Thursday, March 23, 2023

Afghanistan’s new resolve to counter Pakistani hostilities in border areas

By Hamid Pakteen

After suffering from incessant Pakistan hostilities for more than a year, the Taliban regime seems determined to counter Islamabad’s policy of violence against it. Pakistan Army which keeps targeting the tribals living on both sides of Afghanistan-Pakistan border appears bewildered due to an assertive Afghan response to its designs. This has led to an increased firing and violence against the innocent Pashtuns living in bordering areas. Reportedly, the latest such attack took place during first week of October 2022 when the Pak Army resorted to mortar firing across the border. The trigger was movement of some local Afghans from villages near border to the Pakistan side. Afghan side maintains that such movements are within the framework of a bilateral agreement, something which the Pak Army does not like to happen on ground. 

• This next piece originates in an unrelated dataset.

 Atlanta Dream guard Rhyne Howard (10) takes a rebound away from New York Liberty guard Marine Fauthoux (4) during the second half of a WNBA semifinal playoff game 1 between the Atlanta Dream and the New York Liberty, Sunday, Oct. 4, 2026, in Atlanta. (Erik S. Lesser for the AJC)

            The tribals, especially Pashtuns living in hilly areas on both sides have been a constant target of Pak army; ostensibly working to counter terrorism on international border. Unilateral establishment of fences and border posts along the disputed border by Pakistan have only added fuel to the fire. The ongoing fencing has major consequences for closely knit Pashtun and Balochi tribal communities living on both sides of the border, including their agricultural land, traditional border trade and movement of labour / other resources. Work on the fence started in 2016 and continued unchallenged till the Taliban recaptured power in August 2021. However, disagreements over border demarcation and fencing issue escalated after last year’s power change in Kabul. More Pakistani tools include harsh economic measures on Afghan people through frequent blockades at Chaman and Torkham border points. These are two major crossings for men and goods and also a major source of revenue for the Taliban government. 

Pakistani misadventures are often seen as a manifestation of its failure to control Taliban administration after the regime change. At the heart of dispute are Pakistan actions aimed at forcefully getting its position on Durand line validated by the Taliban regime. The line which was never accepted by Afghanistan represents the border established under British colonial rule. The fact that it divides the traditional Pashtun areas between the two countries infringing the natural rights of locals forms the basis of Afghan opposition to it. 

However, the Pak policy of violence is now facing a serious pushback by Afghanistan.  Taliban’s fresh strategy of taking Pakistani hostilities and narrative on its head was apparent during a September 2022 event in Kabul which among others was addressed by the Afghanistan’s Deputy Foreign Minister Sher Muhammad Abbas Stanekzai. He strongly countered Pakistan’s Prime Minister’s anti-Taliban statement at 77th United Nation General Assemble (UNGA) in New York recently wherein he had listed Tehreek-e-Taliban (TTP) among major threats to the security of the region. The Taliban leader clearly said that Pak attempts to portray Afghanistan as a sponsor of terrorism will not be tolerated. Afghanistan has reportedly taken up with Pak side, the frequent violations of Afghan air space in areas along the border. Afghan Foreign Ministry was said to have listed several incidents of country’s airspace violation by the Pak drones.  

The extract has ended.